Le coronavirus jette une lumière cruellement crue sur les inégalités de classes sociales à l’intérieur de chaque Etat, mais aussi au niveau international. Une catastrophe sociale et humanitaire se joue dans nombre de pays où la famine – qui progresse ces dernières années en raison notamment des dérèglements climatiques – et le manque d’eau potable tuent encore chaque jour. Ce sont ces pays aussi qui comptent la grande majorité des 2 milliards de travailleuses et de travailleurs de l’économie informelle. Soit plus de 60% de la population active mondiale (85% sur le continent africain, près de 70% en Asie) vivant au jour le jour pour survivre, sans aucune assurance, hormis celle de la fraternité humaine qui étincelle par endroits et par moments. Et ce malgré le repli sur soi et les fermetures de frontières.

Quel choix entre mourir de faim ou d’un virus qui touche particulièrement les personnes souffrant d’obésité? En Inde, quand 1,3 milliard d’âmes ont été sommées, manu militari, de se confiner (le 25 mars et jusqu’au 3 mai au moins), la majorité d’entre elles se sont retrouvées sans revenu. Des travailleurs issus des campagnes, payés à la journée dans des usines ou des chantiers, ou exerçant des boulots d’infortune (petits marchands, conducteurs de rickshaw), souvent sans toit, n’ont alors eu d’autre choix que de quitter les mégalopoles. Ils ont repris la route de leur village parfois à des centaines de kilomètres de là, à pied ou dans des bus bondés, la solidarité familiale pour toute espérance. D’autres, hommes, femmes et enfants, ont continué de trier les poubelles, dans des décharges à ciel ouvert, le Covid-19 planant sur les chiffonniers telle une cause parmi tant d’autres d’y laisser sa peau… soutenus, pour beaucoup, par la croyance de se réincarner ailleurs, dans une autre caste, une autre classe sociale. Celle où l’on mange pour noyer l’ennui ou la solitude.

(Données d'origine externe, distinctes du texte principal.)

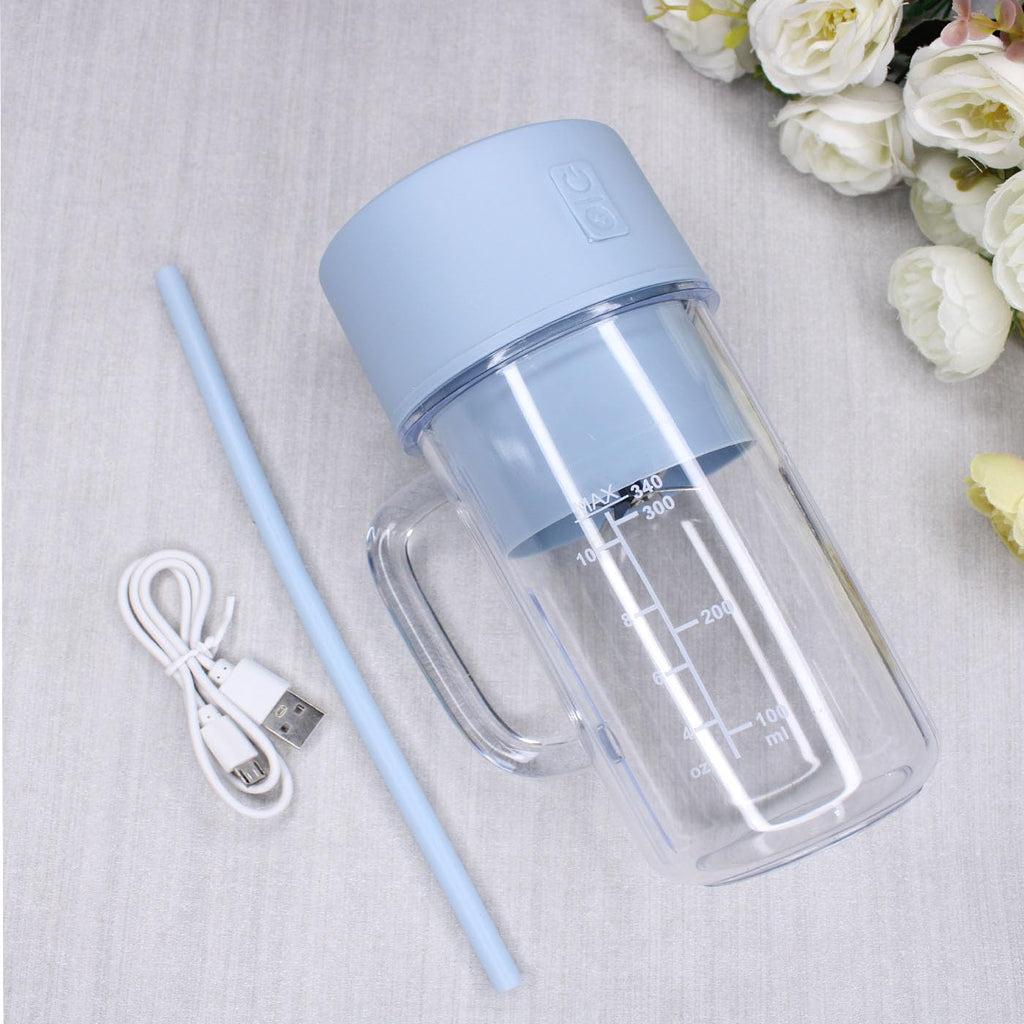 Portable Blender For Juices/Smoothies/Cold Coffee | 420 ml | USB Rechargeable | 1500mAh Battery Mini Juicer Blender- 1 Pcs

Tant d’autres maladies continuent de tuer, comme la tuberculose: plus de 1,6 million de victimes par an (davantage que le sida ou le paludisme), dont un tiers en Inde. La pollution fait elle aussi, plus discrètement encore, son lot de victimes. Un rapport de la Global Alliance on Health and Pollution (GAHP) estime pourtant le nombre de décès, dus à la contamination de l’air, de l’eau et des environnements de travail, à 1,8 million en 2017 rien qu’en Inde (2,3 millions en Chine). Un pic de pollution historique a d’ailleurs été atteint à New Delhi en novembre dernier. Le confinement et les masques étaient dès lors déjà de rigueur. D’où l’émerveillement partagé, la semaine dernière par des habitants du nord de l’Inde, d’apercevoir l’Himalaya à quelque 200 kilomètres de chez eux. Des montagnes rendues invisibles par le smog depuis trente ans. Cette pureté de l’air retrouvée permet aussi à d’autres de redécouvrir les étoiles. Autant de lueurs d’espoir dans l’obscurité des inégalités.